# [Task input]
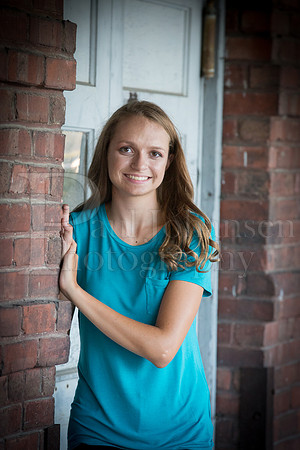 Caroline Gander Senior Images 8-11-2015-0214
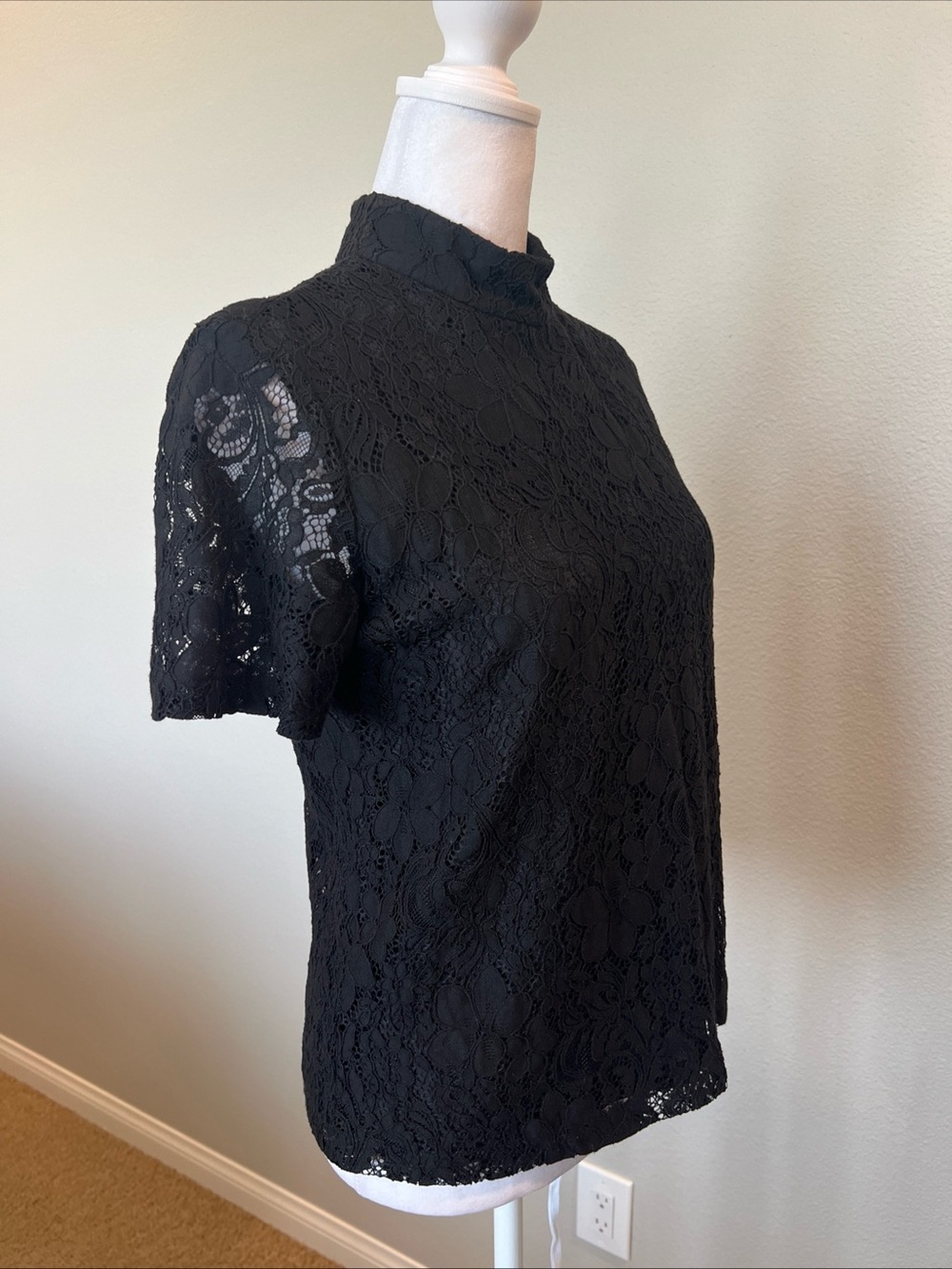 Joe Fresh Black Floral Lace Mockneck Blouse with Lining Size XS - Picture 5 of 10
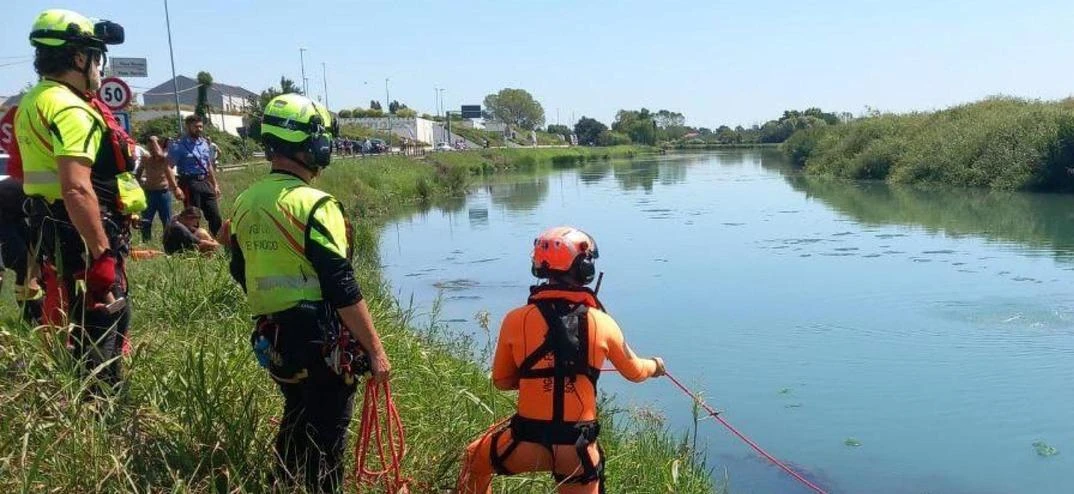 Auto precipita nel fiume Sile. Bimbo lotta fra la vita e la morte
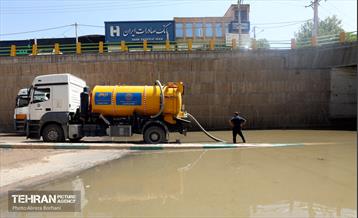 امدادرسانی سازمان مدیریت پسماند شهرداری تهران به مناطق سیل زده یزد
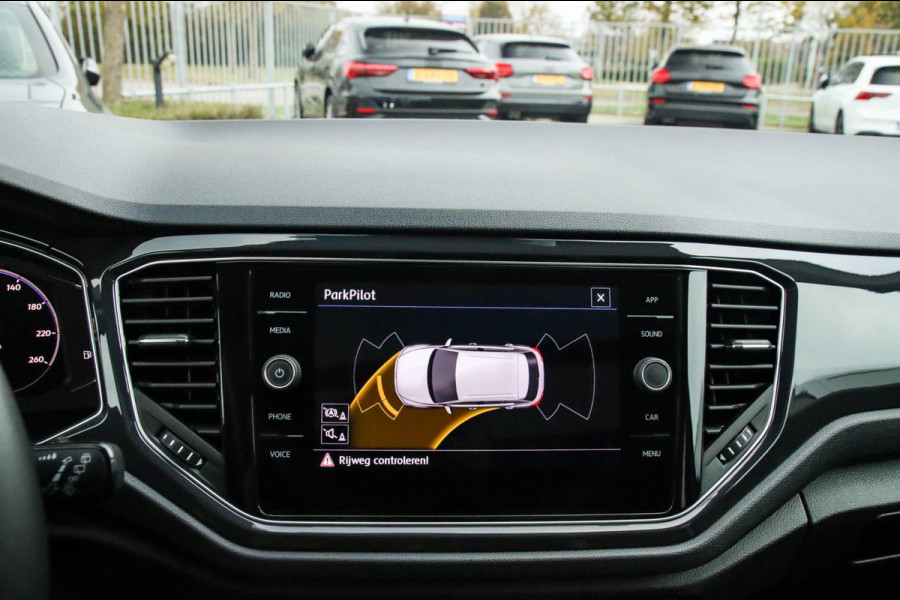 Volkswagen T-Roc 2.0TSI 4Motion Sport 190pk DSG! 1e|DLR|Panoramadak|Virtual Cockpit|LED Plus|Sportstoelen|PDC|CarPlay|Beats|18inch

# [Directions for this task]
Give the entries again exactly. Pictures stay out.

# [Solution below]
 Caroline Gander Senior Images 8-11-2015-0214
 Joe Fresh Black Floral Lace Mockneck Blouse with Lining Size XS - Picture 5 of 10
 Auto precipita nel fiume Sile. Bimbo lotta fra la vita e la morte
 امدادرسانی سازمان مدیریت پسماند شهرداری تهران به مناطق سیل زده یزد
 Volkswagen T-Roc 2.0TSI 4Motion Sport 190pk DSG! 1e|DLR|Panoramadak|Virtual Cockpit|LED Plus|Sportstoelen|PDC|CarPlay|Beats|18inch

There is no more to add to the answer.